------ Exercise data
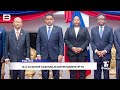 ULLC LANSE AVÈTISMAN BAY ANSYEN KONSEYE KPT YO - PREZANS ICE FÈ  ANPIL SITWAYEN AMERIKEN PÈ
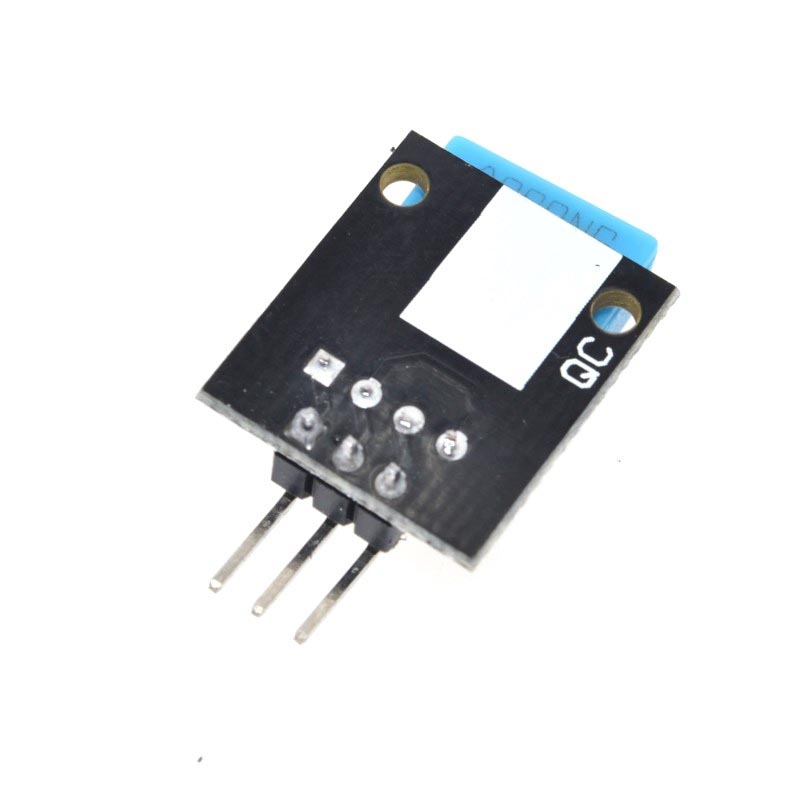 Módulo digital DHT11 - Imagen 2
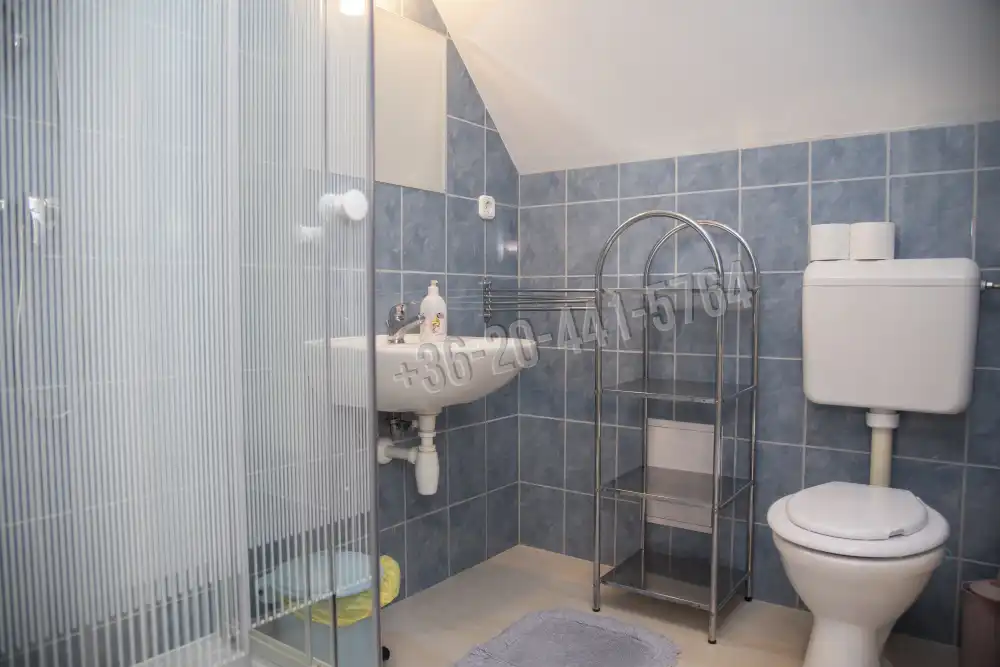 Zala megye - Zalakaros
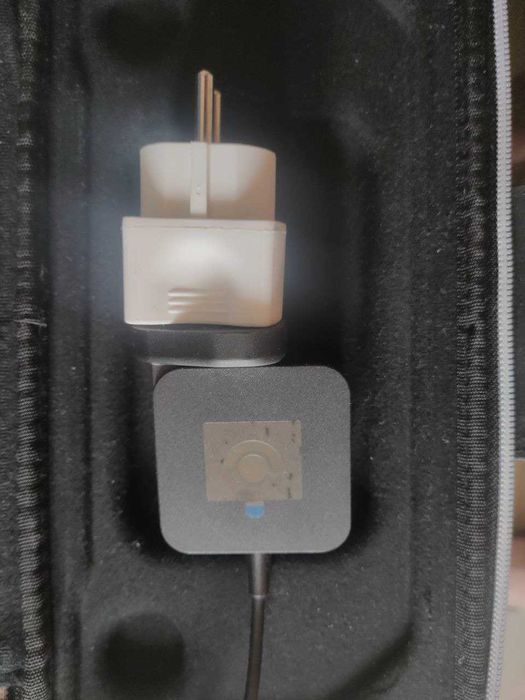 Steam Deck OLED 1TB (вживаний, в ідеальному стані)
------------
**Task:**
The whole listing above must be duplicated word for word, apart from its pictures.

**Solution to this problem:**
 ULLC LANSE AVÈTISMAN BAY ANSYEN KONSEYE KPT YO - PREZANS ICE FÈ  ANPIL SITWAYEN AMERIKEN PÈ
 Módulo digital DHT11 - Imagen 2
 Zala megye - Zalakaros
 Steam Deck OLED 1TB (вживаний, в ідеальному стані)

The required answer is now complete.